Empowering South African Youth to Thrive Through the Fourth Industrial Revolution

By South Africa Flying Labs

According to the U.S. Bureau of Labor Statistics, occupations in STEM are projected to grow by 8.0 percent by 2029 compared to the 3.7 percent growth for all other fields. In light of this, the Fourth Industrial Revolution (4IR) not only introduces us to novel domains such as Artificial Intelligence (AI), Robotics, Gaming, Drone technology, and 3D printing, but it also offers a promising opportunity to combat unemployment and incorporate digital technology into our education system. This is imperative to equip future generations to face the rapidly evolving industrial landscape. 

In South Africa, there’s a pressing need to enhance Science, Technology, Engineering, Arts, and Mathematics, collectively called STEAM education. Data from the National Science and Technology Forum (NSTF) confirms this necessity, indicating that university graduation rates for STEAM-related courses are around 20 percent. This highlights a profound need for advanced skills in these critical areas. 

Recognizing this urgency, South Africa Flying Labs and QP Drone Tech partnered with UNICEF-SA, UNICEF-Unlimited Generated, and the Chemical Industries Education and Training Authority (CHIETA) to pioneer more than ten 4IR workshops across seven of South Africa’s nine provinces. Our primary goal is to empower rural school children and unemployed youth by exposing them to emergent 4IR technologies. 

The workshops aimed to familiarize the participants with various technologies, from drones and AI to Virtual Reality and 3D printing. We also covered game simulation, Robotics, and potential career paths in the tech sphere. Our shared vision of preparing young minds for future careers, particularly in coding and Robotics, motivated our strategic partnership with UNICEF-SA. 

The World Economic Forum predicts that 65 percent of children starting primary school today will eventually work in new jobs that don’t currently exist. This underlines South Africa’s urgency to prepare itself for the 4IR era. In our recent workshops, we reached 744 learners, with girls making up the majority. We aim to close the digital divide by targeting rural children and girls and challenge male dominance in the tech sector. 

We recognize the need to augment the existing curriculum with access to advanced technologies, particularly in rural and underprivileged communities. Simultaneously, we’re dedicated to enhancing teachers’ skills to better equip them to assist learners. 
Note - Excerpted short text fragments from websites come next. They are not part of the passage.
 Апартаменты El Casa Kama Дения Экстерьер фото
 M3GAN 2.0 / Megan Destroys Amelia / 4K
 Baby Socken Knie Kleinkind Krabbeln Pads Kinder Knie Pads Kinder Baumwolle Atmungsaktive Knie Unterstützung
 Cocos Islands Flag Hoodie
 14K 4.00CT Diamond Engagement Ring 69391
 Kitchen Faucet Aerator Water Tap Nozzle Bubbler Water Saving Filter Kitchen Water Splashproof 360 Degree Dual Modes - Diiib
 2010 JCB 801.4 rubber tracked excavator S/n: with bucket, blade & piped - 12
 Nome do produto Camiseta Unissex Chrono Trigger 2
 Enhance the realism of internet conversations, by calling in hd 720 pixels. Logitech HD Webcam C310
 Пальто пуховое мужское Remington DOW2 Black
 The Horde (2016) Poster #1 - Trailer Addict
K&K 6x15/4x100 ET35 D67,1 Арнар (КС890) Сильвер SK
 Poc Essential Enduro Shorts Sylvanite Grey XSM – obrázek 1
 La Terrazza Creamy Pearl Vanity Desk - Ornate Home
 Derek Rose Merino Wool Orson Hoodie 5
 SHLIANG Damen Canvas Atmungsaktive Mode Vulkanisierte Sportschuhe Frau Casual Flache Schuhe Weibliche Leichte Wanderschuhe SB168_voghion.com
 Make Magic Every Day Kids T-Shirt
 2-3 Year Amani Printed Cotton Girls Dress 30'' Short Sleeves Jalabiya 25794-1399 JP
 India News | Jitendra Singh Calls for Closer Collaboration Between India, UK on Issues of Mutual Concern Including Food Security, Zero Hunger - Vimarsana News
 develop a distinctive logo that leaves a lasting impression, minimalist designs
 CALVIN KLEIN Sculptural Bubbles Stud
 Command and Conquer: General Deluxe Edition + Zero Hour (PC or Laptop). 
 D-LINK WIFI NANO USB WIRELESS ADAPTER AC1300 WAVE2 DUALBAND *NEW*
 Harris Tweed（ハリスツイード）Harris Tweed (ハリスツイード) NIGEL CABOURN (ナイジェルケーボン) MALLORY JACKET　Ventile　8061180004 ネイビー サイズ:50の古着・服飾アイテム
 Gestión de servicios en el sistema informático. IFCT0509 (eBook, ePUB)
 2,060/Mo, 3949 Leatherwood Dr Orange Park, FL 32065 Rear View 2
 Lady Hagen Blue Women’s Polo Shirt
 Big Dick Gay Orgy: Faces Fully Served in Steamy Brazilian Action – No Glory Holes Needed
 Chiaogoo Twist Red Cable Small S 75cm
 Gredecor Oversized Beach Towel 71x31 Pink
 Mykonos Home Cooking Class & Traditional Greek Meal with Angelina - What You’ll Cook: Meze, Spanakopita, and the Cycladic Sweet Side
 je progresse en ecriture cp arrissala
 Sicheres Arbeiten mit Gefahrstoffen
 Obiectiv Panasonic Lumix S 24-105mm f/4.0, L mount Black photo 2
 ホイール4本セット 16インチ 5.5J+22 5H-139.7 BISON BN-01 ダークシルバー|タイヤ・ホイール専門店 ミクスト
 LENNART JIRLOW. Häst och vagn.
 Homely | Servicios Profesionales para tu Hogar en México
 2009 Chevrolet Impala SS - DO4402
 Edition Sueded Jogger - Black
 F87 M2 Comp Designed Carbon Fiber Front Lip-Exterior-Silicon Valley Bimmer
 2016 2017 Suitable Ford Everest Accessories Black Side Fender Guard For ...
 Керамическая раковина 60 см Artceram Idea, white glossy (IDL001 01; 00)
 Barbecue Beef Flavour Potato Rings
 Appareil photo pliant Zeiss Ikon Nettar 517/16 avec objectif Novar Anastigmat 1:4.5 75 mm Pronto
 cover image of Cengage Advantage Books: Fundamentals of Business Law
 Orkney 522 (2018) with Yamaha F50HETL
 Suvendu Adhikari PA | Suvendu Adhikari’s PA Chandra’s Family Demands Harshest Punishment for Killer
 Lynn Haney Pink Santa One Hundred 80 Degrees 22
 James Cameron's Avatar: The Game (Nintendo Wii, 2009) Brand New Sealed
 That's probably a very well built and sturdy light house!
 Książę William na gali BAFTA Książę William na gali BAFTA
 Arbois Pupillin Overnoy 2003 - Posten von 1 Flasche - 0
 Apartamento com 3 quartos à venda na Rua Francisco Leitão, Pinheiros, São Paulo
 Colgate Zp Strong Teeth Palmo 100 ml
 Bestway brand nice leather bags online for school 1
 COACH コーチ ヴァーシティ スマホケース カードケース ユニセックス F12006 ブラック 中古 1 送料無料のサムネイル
In the face of rising youth unemployment in South Africa (59.6 percent for ages 15-24 in Q3 2022), our initiative strives to equip school children and unemployed youth with the skills necessary for this digital transformation era. Testimonials from our attendees, such as Ms. Raoboka Kgonothi from Limpopo province, reveal the excitement and inspiration these workshops evoke, opening up worlds of possibilities they never knew existed.

Appreciative of the enthusiastic responses, we at South Africa Flying Labs and QP Drone Tech plan to extend these workshops to educators, community leaders, executives, and decision-makers. We want to broaden the impact and drive a more profound understanding of 4IR technologies. 

We thank our strategic partners, CHIETA and UNICEF-SA, educators, community members, municipalities, government, facilitators, and most importantly, the learners. Your participation and support have been instrumental in bringing our vision to life. But the journey doesn’t end here; the demand for 4IR workshops signifies our impact and the potential for much more.